#### [WHAT YOU ARE ASKED TO DO]
Repeat exactly the lines from the first line of the records through the line containing "Straight-Leg Pleated Linen Trousers - OU Straight-Leg", and nothing more.

Short web captions:

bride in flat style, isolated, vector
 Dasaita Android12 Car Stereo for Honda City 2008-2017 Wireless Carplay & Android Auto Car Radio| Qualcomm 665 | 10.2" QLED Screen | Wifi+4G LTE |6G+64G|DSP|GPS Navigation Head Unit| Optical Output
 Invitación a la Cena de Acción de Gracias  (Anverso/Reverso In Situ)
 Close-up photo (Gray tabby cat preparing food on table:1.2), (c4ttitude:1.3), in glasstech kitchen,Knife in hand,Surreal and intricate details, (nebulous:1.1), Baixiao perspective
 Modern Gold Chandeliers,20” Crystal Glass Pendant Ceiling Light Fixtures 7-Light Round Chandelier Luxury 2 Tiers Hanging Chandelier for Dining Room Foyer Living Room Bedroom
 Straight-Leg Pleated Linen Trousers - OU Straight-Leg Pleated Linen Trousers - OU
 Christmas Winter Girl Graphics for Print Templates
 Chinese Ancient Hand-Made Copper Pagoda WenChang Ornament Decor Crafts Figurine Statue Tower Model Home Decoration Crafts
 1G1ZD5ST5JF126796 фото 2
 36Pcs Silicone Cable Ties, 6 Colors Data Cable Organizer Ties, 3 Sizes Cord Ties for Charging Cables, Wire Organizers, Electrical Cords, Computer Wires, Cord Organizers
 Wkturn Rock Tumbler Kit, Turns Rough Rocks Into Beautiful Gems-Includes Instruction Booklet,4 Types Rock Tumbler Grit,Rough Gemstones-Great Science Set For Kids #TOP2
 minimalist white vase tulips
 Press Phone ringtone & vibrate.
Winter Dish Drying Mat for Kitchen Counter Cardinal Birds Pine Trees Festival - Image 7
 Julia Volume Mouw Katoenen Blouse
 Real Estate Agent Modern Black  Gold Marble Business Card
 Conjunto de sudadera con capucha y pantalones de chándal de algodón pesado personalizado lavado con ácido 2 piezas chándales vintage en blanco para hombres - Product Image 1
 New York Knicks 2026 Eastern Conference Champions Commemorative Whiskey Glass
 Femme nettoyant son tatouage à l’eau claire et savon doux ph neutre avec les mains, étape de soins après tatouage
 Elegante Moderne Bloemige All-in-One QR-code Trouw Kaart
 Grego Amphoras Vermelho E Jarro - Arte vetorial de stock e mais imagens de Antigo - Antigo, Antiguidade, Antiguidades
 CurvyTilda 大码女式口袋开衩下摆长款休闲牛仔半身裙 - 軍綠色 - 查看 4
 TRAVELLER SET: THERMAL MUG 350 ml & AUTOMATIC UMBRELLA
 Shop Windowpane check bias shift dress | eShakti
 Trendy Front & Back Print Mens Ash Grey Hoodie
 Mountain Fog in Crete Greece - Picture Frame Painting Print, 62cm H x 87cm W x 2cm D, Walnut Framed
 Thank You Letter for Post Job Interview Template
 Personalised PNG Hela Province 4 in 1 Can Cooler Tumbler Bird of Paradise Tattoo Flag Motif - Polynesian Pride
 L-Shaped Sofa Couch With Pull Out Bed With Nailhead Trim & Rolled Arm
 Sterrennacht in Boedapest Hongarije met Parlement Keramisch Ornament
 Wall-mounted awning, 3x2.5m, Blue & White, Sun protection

#### [ANSWER]
bride in flat style, isolated, vector
 Dasaita Android12 Car Stereo for Honda City 2008-2017 Wireless Carplay & Android Auto Car Radio| Qualcomm 665 | 10.2" QLED Screen | Wifi+4G LTE |6G+64G|DSP|GPS Navigation Head Unit| Optical Output
 Invitación a la Cena de Acción de Gracias  (Anverso/Reverso In Situ)
 Close-up photo (Gray tabby cat preparing food on table:1.2), (c4ttitude:1.3), in glasstech kitchen,Knife in hand,Surreal and intricate details, (nebulous:1.1), Baixiao perspective
 Modern Gold Chandeliers,20” Crystal Glass Pendant Ceiling Light Fixtures 7-Light Round Chandelier Luxury 2 Tiers Hanging Chandelier for Dining Room Foyer Living Room Bedroom
 Straight-Leg Pleated Linen Trousers - OU Straight-Leg Pleated Linen Trousers - OU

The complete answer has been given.